The second is an amusing personal experience. The pool where twice weekly Brigitte does water aerobics is right next to a sandy beach on Lake Saint Claire. Of late I’ve accompanied her and, while she does her thing, I sit on an Adirondacks chair, read a book, or watch the beach. The other day I took my little Kodak and—not having tried this before—I rested it on the wide armrest of my chair and let it take a digital film of minute wave movements, the slow distant slide of sailing yachts, swallows flying swiftly by, the occasional people flip-flopping along carrying towels, and so on.

Later I engaged the services of YouTube to turn my camera’s digital feed into an actual video, planning to use it on a family photo blog. It all went splendidly—and I had a video for true contemplatives: In five minutes virtually nothing happens at all. The sail boats are too far away, the birds are too fast, the waves do move—but you have to concentrate to see them. Sun-drenched total boredom, if you like.
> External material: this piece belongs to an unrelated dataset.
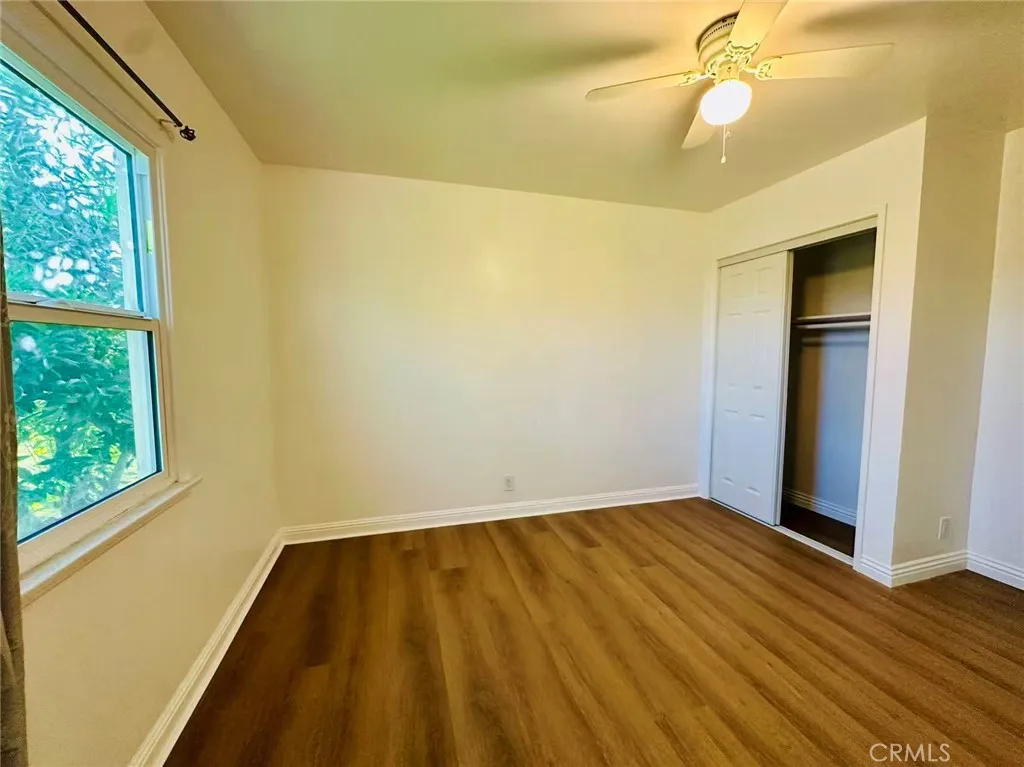 Additional image 11 of 17262 Ivy Avenue, Fontana, CA 92335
Imagine my surprise when, an hour or so later, YouTube informs me by e-mail that I may have committed copyright infringement against Giant Music Company So-And-So—and lest I endanger my massive assets in a lawsuit, YouTube invites me to visit their site and clear the matter up. Good Lord, I thought. What did I do? Exercising what lawyers call due diligence, I investigated immediately—by watching Sun-Drenched Total Boredom yet again. Well, sure enough. At our pool management sometimes plays music over a loudspeaker. You know how it is these days. Music must be present—lest Modern Man die of tedium. There is music behind narrative in documentaries, music behind drama lest I fail to know how to feel (romantic, tense, scared). Therefore music, pop music, while the good people of Grosse Pointe Farms splash in the pool. And some of that music, quite distant, broken up by distance, but audible, was right there, captured by my sophisticated little Kodak’s enormously capable sound system—and this camera about the size of my billfold! Copyright violation!

Money crazed and AI-driven. For surely, I thought, laboriously clearing up the matter by answering YouTube’s lengthy questionnaire by means of keyboard, screen, and Internet linkages (landlines, wireless, satellite, etc.), surely, I thought, no human being, watching that video, could possibly think me a Copyright Violator! The little film had all the facts. Distant music played for the public. All broken up. But no human being was actually involved in YouTube’s message to me. It was all done by AI. Wasn’t it? A machine examined my video, ingenuously captured the pattern of the music, matched it to a database of music, identified it as the sole property of Giant Music Company So-And-So, selected the appropriate standard text to send me, put it in an e-mail, and sent it to me for Action Now.

I hope the archivists over beyond the Border up there will appreciate this little snippet and treasure it as a true marker of the state of affairs in the twenty-first century of the current era.

Our lake, by the way, was named after Saint Clare of Assisi, originally called Chiara Offreducio (1194-1253). She was one of Francis of Assisi’s earliest followers, founded the Order of Poor Ladies, and was the first woman, so Wikipedia tells me, to write a Monastic Rule. My knowing this, to be sure, is a by-product of my twenty-first century experience, and due to my due diligence in looking up the exact spelling of Lake Saint Claire. I bring you an image of Saint Clare, also from Wikipedia here. As for the archivists over there, I expect that they’ve already heard of Chiara and have her on file.

1 comment:

  1. Wow, that is quite a story. Amazing.